The opinions expressed below are my own and do not necessarily represent those of Visdom Investment Group, LLC.
It’s a dip-buyer’s world.
And we all just live in it. The surprise bombing of three Iranian nuclear sites by the United States woulda coulda shoulda sent investors into a risk-off frenzy and shocked capital markets when they opened today. This didn’t happen. There was *some* selling in overnight S&P 500 futures and oil jumped higher and gold climbed and Treasury yields dropped, but all the moves were small. As the day began and proceeded, most of the initial reactions unwound completely. A midday report that Iran launched missiles at a US base in Qatar send the S&P down quickly but the dip lasted maybe 15 minutes before the bounce repaired all the damage and then some. The S&P printed intraday highs a couple of hours later and crude oil ended up finishing *down* on the session, dropping more than 6%! Capital flow was somewhat elevated at 112% today so plenty of capital was in motion, adjusting to all these developments.
The market interprets Iran’s retaliation as a de-escalation move.
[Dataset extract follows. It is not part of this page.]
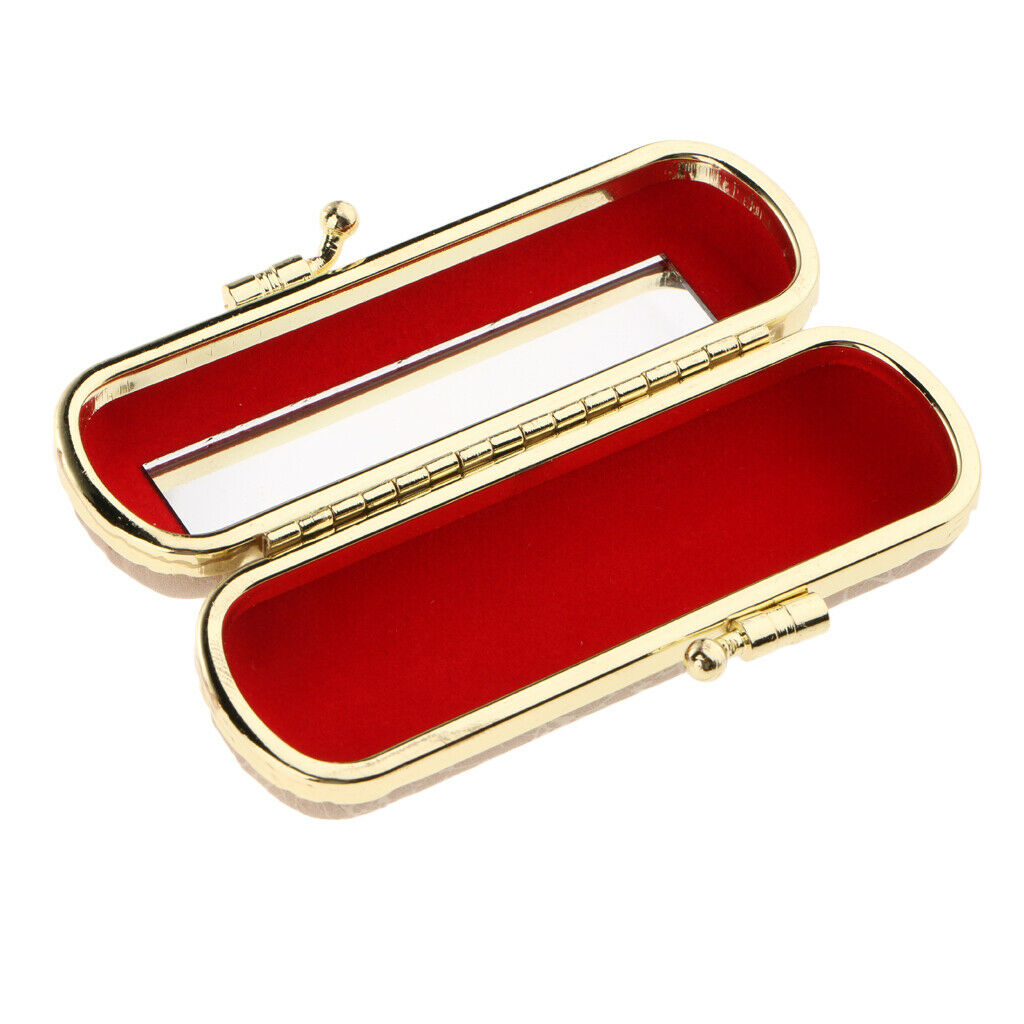2Pcs PU Leather Lipstick Lip Gloss Storage Case Makeup Holder Box Portable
Until something radically changes that interpretation, the bulls are going to be back in charge of the tape. Markets will watch all the headlines of course and the financial press will have many stories to report over the coming weeks but they will not affect markets much *unless* they destroy the current narrative. Investors are back into the business-as-usual mindset and they aren’t going to sell as Mid-East headlines zoom around. The geopolitical significance of what’s happening is great but the market effects are negligible.
We can debate the wisdom of this interpretation but it’s not going to be productive. The market has already decided that Iran has lost, Israel and the US have won, and that whatever Iran says will be smoke and mirrors. What it does will matter and it is currently incapable or unwilling to do anything that will disturb the markets.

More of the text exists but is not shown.